Cellular basis for progesterone neuroprotection in the injured spinal cord

Progesterone (PROG) exerts beneficial and neuroprotective effects in the injured central and peripheral nervous system. In the present! work, we examine PROG effects on three measures of neuronal function under negative regulation (choline acetyltransferase [ChAT] and Na,K-ATPase) or stimulated (growth-associated protein [GAP-43]) after acute spinal cord transection injury in rats. As expected, spinal cord injury reduced ChAT immunostaining intensity of ventral horn neurons. A 3-day course of intensive PROG treatment of transected rats restored ChAT immunoreactivity, as assessed by frequency histograms that recorded shifts from predominantly light neuronal staining to medium, dark or intense staining typical of control rats. Transection also reduced the expression of the mRNA for the alpha3 catalytic and beta1 regulatory subunits of neuronal Na,K-ATPase, whereas PROG treatment restored both subunit mRNA to normal levels. Additionally, the upregulation observed for GAP-43 mRNA in ventral horn neurons in spinal cord-transected rats, was further enhanced by PROG administration.
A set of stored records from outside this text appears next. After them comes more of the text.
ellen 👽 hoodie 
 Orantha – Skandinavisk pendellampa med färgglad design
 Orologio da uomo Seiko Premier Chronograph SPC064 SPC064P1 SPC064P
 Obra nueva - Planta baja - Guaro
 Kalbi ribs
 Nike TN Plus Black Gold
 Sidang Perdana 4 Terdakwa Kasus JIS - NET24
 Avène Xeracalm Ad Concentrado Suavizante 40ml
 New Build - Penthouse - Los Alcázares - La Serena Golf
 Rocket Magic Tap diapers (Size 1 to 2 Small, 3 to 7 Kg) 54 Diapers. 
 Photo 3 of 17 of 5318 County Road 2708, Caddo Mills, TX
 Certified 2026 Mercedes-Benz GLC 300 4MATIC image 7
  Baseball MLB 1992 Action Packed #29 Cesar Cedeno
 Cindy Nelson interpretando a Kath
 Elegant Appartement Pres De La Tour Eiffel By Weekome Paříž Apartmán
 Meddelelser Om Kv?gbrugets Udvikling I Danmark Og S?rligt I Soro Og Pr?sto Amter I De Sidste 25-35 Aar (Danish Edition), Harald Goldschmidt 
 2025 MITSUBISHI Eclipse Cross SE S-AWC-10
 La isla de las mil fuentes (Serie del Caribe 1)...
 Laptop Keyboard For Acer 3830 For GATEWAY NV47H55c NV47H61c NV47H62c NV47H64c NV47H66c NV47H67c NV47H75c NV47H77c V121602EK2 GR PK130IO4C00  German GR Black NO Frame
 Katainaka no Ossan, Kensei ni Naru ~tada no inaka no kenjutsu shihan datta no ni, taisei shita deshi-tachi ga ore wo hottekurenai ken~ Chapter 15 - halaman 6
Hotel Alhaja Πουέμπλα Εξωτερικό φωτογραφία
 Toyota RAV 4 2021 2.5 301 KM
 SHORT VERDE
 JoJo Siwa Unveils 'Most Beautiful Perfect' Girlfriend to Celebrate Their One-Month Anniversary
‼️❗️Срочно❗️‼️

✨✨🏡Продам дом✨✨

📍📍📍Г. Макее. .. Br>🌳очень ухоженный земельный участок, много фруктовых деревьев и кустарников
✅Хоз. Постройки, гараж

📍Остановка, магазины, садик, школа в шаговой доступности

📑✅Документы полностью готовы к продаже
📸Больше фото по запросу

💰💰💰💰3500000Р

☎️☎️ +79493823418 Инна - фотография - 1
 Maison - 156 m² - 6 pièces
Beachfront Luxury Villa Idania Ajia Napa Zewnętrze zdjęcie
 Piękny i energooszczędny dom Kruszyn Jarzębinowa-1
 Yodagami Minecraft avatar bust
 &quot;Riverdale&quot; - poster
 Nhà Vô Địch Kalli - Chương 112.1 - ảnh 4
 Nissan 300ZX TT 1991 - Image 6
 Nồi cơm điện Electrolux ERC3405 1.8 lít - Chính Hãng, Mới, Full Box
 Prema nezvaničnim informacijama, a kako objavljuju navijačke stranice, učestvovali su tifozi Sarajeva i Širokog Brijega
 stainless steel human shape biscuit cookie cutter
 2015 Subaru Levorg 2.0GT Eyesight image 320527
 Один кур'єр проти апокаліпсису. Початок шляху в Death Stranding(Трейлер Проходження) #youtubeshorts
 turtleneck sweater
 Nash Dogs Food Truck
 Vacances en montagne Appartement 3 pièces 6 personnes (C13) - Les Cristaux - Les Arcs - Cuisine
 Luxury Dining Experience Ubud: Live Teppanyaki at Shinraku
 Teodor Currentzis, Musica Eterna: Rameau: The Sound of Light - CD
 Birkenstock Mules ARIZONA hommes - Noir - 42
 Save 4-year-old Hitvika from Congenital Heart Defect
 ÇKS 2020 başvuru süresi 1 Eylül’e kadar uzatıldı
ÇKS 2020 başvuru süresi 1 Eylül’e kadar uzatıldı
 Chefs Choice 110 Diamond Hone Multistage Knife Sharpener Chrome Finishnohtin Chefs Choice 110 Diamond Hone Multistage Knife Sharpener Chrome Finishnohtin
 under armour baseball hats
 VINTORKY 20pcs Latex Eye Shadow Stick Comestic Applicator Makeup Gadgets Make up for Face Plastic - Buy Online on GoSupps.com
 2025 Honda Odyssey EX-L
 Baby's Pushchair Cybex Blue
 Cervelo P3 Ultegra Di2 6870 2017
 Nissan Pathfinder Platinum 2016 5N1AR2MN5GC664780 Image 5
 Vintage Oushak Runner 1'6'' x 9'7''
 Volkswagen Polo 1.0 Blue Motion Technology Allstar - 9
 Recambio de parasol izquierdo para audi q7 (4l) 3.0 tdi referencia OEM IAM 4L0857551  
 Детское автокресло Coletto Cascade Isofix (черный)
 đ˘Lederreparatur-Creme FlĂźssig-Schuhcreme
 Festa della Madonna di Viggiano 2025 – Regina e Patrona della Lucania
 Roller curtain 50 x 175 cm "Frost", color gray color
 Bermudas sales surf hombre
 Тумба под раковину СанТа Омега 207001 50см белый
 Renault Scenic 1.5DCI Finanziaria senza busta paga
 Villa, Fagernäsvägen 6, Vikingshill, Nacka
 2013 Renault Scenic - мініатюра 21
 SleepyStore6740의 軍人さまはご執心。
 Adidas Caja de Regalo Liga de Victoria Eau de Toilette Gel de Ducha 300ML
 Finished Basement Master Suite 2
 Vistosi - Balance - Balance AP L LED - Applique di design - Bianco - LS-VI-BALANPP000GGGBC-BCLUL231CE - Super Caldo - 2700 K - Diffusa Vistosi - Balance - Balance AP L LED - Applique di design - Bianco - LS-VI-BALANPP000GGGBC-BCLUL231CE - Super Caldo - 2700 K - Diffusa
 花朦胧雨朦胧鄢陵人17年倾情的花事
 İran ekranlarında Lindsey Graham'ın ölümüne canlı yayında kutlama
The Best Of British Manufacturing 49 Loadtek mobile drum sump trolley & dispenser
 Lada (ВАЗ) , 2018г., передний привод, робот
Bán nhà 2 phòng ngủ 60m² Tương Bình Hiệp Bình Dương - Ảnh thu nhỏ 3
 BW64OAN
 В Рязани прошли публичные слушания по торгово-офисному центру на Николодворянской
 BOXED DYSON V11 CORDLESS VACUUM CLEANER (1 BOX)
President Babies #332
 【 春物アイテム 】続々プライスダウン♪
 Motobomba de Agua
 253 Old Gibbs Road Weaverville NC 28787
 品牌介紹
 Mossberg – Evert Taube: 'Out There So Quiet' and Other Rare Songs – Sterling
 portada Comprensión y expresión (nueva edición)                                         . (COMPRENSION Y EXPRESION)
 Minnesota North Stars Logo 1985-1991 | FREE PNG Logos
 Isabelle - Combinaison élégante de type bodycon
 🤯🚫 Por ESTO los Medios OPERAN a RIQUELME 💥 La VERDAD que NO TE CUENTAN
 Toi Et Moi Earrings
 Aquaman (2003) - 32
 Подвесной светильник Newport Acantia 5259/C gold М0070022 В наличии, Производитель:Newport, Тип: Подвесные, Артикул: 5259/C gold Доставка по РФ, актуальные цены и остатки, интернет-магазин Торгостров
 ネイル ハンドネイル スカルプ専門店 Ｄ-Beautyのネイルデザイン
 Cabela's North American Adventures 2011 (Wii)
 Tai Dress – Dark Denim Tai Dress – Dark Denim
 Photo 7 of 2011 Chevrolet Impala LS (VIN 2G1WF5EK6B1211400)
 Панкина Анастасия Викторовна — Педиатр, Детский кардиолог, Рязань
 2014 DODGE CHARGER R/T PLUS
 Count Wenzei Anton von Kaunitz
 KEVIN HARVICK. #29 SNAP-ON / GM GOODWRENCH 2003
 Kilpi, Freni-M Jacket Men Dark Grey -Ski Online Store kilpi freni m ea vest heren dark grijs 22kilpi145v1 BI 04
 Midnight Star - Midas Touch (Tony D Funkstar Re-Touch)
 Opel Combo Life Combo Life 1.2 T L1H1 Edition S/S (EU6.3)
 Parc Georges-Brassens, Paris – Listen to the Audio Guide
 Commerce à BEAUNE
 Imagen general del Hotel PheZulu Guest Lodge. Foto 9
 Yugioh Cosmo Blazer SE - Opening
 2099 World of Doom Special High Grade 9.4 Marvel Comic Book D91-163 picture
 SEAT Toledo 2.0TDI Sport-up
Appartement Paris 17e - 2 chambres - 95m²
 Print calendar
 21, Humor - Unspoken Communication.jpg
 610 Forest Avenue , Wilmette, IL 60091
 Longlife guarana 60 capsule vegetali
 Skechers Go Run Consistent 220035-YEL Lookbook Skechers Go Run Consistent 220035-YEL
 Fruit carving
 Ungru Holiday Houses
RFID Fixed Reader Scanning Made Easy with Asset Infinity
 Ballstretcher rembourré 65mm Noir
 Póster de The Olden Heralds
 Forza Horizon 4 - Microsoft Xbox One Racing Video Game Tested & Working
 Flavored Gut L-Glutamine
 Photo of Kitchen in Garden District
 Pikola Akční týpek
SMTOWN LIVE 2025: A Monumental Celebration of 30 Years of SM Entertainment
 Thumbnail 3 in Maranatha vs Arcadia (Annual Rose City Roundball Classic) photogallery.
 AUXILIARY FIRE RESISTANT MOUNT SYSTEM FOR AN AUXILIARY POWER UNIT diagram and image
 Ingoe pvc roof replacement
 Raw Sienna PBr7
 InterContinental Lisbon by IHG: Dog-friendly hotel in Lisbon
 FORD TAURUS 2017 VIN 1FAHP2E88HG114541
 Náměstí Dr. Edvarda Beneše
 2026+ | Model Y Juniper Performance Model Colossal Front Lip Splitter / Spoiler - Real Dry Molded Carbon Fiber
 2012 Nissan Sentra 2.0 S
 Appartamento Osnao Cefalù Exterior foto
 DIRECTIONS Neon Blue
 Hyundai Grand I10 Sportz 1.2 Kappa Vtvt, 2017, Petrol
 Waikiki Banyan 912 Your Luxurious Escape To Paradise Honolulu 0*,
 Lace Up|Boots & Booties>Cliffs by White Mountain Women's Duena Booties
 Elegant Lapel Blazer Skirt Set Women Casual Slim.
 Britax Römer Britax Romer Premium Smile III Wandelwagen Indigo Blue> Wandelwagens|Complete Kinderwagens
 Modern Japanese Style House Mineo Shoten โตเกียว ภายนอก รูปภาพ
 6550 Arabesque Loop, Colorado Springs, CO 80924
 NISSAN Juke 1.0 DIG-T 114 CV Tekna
In no case did PROG modify ChAT immunoreactivity, Na,K-ATPase subunit mRNA or GAP-43 mRNA in control, sham-operated rats. Further, the PROG-mediated effects on these three markers were observed in large, presumably Lamina IX motoneurons, as well as in smaller neurons measuring approximately <500 mu(2). Overall, the stimulatory effects of PROG on ChAT appears to replenish acetylcholine, with its stimulatory effects on Na,K-ATPase seems capable of restoring membrane potential, ion transport and nutrient uptake. PROG effects on GAP-43 also appear to accelerate reparative responses to injury. As the cellular basis for PROG neuroprotection becomes better understood it may prove of therapeutic benefit to spinal cord injury patients.